We brought four leaders from our community (representing the mayor’s office, the health clinic, the local environmental NGO, and a school) to a three-day workshop on Project Design and Management. It was funded by USAID, run by Peace Corps El Salvador, and held at a posh resort on the Costa del Sol. Topics included citizen participation, leadership, community mapping, identification of community strengths/ weaknesses/ opportunities/ threats, objectives, budgets, action plans, evaluations, and grant applications. Our community focused on possible projects to promote tourism, such as the development of an ecological park.


We planted trees outside one of the schools. But we needed to protect the young, vulnerable trees from horses, drunks, etc. So beforehand, we walked a mile to a forested area where we had been granted permission to cut down bamboo stalks. Seventh and eighth grade eco club kids cut down the tall bamboo and made a fun competition of cutting them into stakes (fewest whacks of a machete wins).


This young man is the president of our eco club. But in light of the situation in Honduras, some of the other kids have been joking about a golpe de estado (coup d’etat). They say this president doesn’t do much. Hence, this propaganda that shows him working.


Girls are usually more hesitant to participate in physical tasks, be they sports or tree plantings. It is constantly a priority of ours to hassle them until they join in.


The newest Peace Corps Youth Development and Sustainable Agriculture/ Environmental Education group is currently in training. Both groups have now visited us in our site. Here, some of the new "Youthies" try out their magic wands during a game day we organized with the fourth graders.

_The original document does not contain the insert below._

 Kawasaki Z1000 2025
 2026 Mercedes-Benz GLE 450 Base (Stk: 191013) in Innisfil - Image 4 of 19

A few weeks before we left on our trip to the States, Kelly saw a scorpion in our closet. I was already asleep. We decided to put masking tape around the door to form a seal and kill him in the morning. We searched thoroughly but found nothing. Over a month later, I got out of the shower, opened the closet, and chose a shirt. He was inside that shirt. As I put my left arm through the sleeve, he hitched a ride on my hand. He got me with his tail (and I think also his pincher). I threw him to the floor. I was barefoot, so he was able to make a getaway. He ran under the dresser. From there, he could have easily slipped under the door to the room of our host mother. The initial pain was no worse than a bee sting. I yelled to Kelly. Then the scorpion emerged from his hiding spot and I killed him with Kelly’s sneaker. I started the treatment I had memorized in training: scrub the infected area, apply Hydrocortisone cream, and take Benadryl capsules. Within a short while, my mouth went numb. I headed out with Kelly and Gerardo to hand out invitations for a meeting. We were to visit all the schools. After chatting with the director at the first school, I stood up, walked outside, and sat down. My legs had gone numb. I went home and rested. My arms went numb. The local advice poured in: bite a stick, eat brown sugar, rub the guts of the scorpion on the bite. My body was asleep all day. My hand was still numb the next day and the pain lasted another two days.


Bruce the Hobbit. The morning of the scorpion bite, he had to lean on the walls on his walk to the bathroom. He then graduated to this stick. Kelly thinks he bears a striking resemblance to a man known as “Joe, the Wizard from the Northeast”--a homeless and slightly crazy man who wandered the banks of Delaware´s Christina River and was full of crazy tales for all the rowers during regattas.